Sa critique littéraire et proprement philosophique est malheureusement infirmée par une versalité et parfois une légèreté incroyables. Il contredit tout le monde, sans se donner toujours la peine de comprendre ou même de lire les textes. Il se contredit lui-même avec une étonnante facilité, non seulement à quelques années de distance, mais dans le même livre et le même paragraphe. Par exemple il accuse Voltaire de n'avoir pas lu Bacon, et prouve ainsi que c'est lui qui n'a pas lu les Lettres philosophiques. Il exalte Berthelot dans les Promenades et le piétine dans les Épilogues. II préfère hautement le latin d'Eglise à celui d'Horace, et se défend de vouloir détruire les vieilles admirations. Il admire La Fontaine, mais ne lui trouve aucune originalité et déclare son imitation servile, etc. Athée avec délices, il n'exècre pas moins la raison que les religions. Il jettera même par-dessus bord la science expérimentale qu'il a si bien servie. Il poussera la manie de la contradiction jusqu'aux plus étranges paradoxes, libre-penseur radical contre les catholiques ou les spiritualistes, réactionnaire contre les gens de gauche, antidreyfusard contre Zola, antinationaliste jusqu'au scandale contre Barrès et Déroulède, tantôt révolutionnaire et quasi anarchiste, tantôt liberticide jusqu'à l'esclavagisme, etc. Il avait quelques-uns des défauts du caractère normand, processif et chicanier. À certains égards, il ressemble à son concitoyen Georges Sorel. Mais leur goût du paradoxe saugrenu et leurs perpétuelles voltefaces n'ont empêché ni l'un ni l'autre d'être fort amusants. — P. S.

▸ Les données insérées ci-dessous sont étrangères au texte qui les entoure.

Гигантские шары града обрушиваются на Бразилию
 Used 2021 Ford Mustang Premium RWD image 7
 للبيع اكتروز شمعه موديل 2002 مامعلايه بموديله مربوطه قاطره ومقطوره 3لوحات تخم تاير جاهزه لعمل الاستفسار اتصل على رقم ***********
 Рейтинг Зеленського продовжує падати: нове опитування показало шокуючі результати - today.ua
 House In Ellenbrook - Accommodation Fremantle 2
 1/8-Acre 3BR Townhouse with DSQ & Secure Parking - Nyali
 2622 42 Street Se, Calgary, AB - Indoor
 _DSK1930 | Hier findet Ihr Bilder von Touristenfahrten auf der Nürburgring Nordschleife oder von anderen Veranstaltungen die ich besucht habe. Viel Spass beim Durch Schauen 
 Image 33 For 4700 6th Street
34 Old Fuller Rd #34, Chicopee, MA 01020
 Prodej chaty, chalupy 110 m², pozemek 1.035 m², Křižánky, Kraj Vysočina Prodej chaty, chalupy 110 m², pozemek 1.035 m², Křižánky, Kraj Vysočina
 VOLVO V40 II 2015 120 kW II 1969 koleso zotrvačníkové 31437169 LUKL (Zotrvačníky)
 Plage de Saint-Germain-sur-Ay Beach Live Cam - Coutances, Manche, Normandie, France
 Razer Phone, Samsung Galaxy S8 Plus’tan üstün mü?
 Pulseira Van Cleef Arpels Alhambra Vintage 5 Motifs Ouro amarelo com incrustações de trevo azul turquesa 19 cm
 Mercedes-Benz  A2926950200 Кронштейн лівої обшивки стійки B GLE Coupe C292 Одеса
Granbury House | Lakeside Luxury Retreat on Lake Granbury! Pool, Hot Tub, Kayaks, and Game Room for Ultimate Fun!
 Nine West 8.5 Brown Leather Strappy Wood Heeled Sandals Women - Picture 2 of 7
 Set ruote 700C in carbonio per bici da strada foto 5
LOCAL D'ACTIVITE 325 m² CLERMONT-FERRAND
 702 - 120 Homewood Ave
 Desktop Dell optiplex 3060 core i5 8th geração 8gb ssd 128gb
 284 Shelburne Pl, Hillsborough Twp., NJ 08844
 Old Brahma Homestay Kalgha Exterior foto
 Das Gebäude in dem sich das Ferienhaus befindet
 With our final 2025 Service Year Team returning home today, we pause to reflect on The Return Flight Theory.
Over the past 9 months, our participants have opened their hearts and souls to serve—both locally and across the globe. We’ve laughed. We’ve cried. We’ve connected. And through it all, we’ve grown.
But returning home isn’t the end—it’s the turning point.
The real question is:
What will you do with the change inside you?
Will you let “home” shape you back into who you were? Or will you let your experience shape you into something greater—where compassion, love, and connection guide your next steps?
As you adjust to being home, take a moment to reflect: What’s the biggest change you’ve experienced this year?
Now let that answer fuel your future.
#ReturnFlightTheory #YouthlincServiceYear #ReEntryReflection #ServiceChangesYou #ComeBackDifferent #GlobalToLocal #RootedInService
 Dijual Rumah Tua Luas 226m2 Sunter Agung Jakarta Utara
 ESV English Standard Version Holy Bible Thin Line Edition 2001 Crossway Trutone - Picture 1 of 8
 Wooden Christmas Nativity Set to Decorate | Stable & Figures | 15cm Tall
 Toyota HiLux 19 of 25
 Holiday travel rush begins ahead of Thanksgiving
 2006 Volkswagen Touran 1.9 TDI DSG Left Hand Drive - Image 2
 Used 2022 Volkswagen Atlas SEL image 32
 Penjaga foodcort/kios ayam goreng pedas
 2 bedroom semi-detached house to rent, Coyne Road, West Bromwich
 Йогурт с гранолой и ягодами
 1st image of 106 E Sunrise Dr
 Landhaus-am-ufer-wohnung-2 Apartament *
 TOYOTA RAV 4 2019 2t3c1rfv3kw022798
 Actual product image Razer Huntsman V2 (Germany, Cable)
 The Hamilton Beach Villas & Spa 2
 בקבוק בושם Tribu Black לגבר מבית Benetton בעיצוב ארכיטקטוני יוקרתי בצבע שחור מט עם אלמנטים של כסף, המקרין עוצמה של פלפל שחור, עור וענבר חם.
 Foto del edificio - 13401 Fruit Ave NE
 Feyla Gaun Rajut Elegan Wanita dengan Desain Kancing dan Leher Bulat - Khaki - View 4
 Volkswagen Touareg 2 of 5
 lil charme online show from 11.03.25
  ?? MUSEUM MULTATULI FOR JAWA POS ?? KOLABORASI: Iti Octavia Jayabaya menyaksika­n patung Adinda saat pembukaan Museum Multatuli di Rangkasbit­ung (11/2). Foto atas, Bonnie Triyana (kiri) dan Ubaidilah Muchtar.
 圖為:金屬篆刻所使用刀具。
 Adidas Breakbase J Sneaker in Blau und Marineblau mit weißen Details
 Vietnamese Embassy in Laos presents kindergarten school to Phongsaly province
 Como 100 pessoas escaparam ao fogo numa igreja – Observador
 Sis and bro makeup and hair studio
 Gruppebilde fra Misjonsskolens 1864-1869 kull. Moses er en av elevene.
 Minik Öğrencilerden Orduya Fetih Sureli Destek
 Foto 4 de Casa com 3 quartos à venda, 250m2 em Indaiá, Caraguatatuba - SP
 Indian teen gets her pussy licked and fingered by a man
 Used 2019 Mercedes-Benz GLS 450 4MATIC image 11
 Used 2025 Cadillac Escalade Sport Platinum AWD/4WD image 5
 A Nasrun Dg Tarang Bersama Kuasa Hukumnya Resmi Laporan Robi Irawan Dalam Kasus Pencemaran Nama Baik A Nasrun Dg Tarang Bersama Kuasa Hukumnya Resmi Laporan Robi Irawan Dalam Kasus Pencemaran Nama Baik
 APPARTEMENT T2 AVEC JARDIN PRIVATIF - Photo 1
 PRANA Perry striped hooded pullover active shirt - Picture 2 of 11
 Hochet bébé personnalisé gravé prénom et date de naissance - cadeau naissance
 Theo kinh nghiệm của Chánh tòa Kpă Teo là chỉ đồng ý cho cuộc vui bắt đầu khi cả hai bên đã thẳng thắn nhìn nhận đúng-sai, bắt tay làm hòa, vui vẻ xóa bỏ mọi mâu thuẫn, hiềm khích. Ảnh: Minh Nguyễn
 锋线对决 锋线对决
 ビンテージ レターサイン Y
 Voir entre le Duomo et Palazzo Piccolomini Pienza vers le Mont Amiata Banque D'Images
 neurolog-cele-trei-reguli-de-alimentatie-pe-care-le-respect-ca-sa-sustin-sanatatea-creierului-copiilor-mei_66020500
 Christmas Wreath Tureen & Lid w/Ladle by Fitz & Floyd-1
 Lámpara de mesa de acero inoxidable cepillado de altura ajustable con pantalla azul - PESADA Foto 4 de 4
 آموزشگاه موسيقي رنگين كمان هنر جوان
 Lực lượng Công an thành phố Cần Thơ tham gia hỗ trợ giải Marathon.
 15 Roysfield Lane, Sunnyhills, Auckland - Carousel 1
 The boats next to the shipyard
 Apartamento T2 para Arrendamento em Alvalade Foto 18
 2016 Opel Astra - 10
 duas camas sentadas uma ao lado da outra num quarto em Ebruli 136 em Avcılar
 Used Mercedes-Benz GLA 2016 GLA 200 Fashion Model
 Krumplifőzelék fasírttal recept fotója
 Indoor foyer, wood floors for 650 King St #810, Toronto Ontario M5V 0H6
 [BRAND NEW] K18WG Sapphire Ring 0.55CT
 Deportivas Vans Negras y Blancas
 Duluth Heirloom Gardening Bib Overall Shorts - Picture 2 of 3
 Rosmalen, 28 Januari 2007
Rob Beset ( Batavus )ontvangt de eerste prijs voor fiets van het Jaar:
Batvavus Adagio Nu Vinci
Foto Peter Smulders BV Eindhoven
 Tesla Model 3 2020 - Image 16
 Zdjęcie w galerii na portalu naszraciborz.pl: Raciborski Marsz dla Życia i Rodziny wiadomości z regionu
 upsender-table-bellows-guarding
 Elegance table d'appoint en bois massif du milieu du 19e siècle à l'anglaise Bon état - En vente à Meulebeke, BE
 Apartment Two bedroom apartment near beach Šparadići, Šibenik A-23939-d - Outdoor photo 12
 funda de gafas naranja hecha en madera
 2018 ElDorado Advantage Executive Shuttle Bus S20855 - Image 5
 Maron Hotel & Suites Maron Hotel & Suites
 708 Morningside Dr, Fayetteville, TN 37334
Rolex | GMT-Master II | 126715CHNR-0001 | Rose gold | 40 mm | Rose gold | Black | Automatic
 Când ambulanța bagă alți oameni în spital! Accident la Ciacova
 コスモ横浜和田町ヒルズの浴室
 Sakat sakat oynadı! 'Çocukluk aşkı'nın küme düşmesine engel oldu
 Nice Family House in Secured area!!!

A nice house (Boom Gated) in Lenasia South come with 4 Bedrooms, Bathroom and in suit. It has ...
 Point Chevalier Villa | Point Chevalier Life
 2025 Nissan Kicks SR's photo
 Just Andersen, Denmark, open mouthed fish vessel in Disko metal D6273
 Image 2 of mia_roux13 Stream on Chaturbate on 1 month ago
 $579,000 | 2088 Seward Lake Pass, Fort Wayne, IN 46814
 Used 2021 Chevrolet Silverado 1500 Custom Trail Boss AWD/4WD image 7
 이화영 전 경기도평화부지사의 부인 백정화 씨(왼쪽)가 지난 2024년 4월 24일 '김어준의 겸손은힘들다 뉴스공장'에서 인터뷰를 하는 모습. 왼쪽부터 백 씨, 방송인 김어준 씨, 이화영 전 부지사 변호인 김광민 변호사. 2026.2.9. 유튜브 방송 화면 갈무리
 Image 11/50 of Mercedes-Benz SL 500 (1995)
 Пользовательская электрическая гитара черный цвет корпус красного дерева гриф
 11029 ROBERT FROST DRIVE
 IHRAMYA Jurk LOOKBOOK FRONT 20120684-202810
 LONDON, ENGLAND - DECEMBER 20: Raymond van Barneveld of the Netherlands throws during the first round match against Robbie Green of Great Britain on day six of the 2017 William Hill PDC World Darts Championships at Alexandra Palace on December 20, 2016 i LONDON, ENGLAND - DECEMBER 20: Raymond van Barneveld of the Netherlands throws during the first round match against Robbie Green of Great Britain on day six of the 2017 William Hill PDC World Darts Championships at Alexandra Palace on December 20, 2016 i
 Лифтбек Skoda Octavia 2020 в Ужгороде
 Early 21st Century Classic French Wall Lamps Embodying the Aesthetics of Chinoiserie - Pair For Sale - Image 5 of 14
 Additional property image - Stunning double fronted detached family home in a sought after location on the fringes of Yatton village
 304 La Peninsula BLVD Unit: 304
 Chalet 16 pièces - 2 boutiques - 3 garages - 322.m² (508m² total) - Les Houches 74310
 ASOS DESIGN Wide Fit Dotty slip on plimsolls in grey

[texte entoilé par Michel Courty.]

Échos

Mardi 26 septembre —. [...] Souday ne manque pas une occasion d'égratigner Gourmont. Il a écrit dans Le Temps un article à propos de l'inauguration du monument. C'est plein de méchanceté. Il parle de la réputation de Gourmont chez les jeunes, toujours enclins à prendre une taupinée pour le Caucase. Il reproche à Gourmont toutes les contradictions, admiration pour la science, son penchant à tout gober dans ce domaine comme des vérités définitives. Ce n'est pas pour rien que madame Huot le surnommait un jour Remy-la-science (Paul Léautaud).